There's been musings about this historically but never any degree of serious consideration. I've always wanted to explore it though! (I think it's definitely plausible)
sccache is one option here - it has a local disk cache in addition to the more exotic options to store compiled artifacts in the cloud.
sccache would be good for the compilation time part, but it'd be nice to also get a handle on the disk size part of it.
cc https://github.com/rust-lang/cargo/issues/6229
I think you can put
[build]
target-dir = "/my/shared/target/dir"
in ~/.cargo/config.
But I have no idea if this mode is officially supported. Is it?
Yes it is, as is setting it with the corresponding environment variable. However the problems with cargo never deleting the unused artifacts gets to be dramatic quickly. Hence the connection to #6229
@joshtriplett and I had a brainstorming session on this at RustNL last week.
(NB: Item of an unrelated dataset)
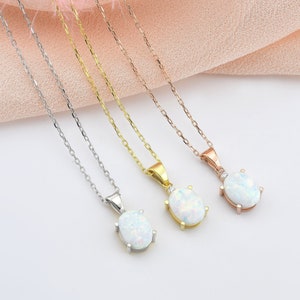 18K Solid Gold Opal Pendant, White Opal Oval Pendant, Bridesmaid Gold Necklace, Dainty Opal Necklace, Gold Chain Opal Pendant, Women Gifts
It'd be great if cargo could have a very small subset of sccache's logic: per-user caching of intermediate build artifacts. By building this into cargo, we can tie it into all that cargo knows and cane make extensions to better support it.
Risks
- Poisoning the cache from
- Broken builds (e.g. from incremental compilation bugs)
- Non-deterministic builds
- mtime bugs
- Races with parallel builds
- Performance hits from locking
- Running out of disk space
To mitigate problems with cache poisoning
- Packages must advertise that they are deterministic
- Long term: Wasm build scripts and proc-macros to ensure determinism
- Initially limit the caching to packages from immutable sources
- No mtime bugs
- No need for incremental compilation
As a contingency for if the cache is poisoned, we need a way to clear the cache (see also #3289)
To mitigate running out of disk space, we need a GC / prune (see also #6509)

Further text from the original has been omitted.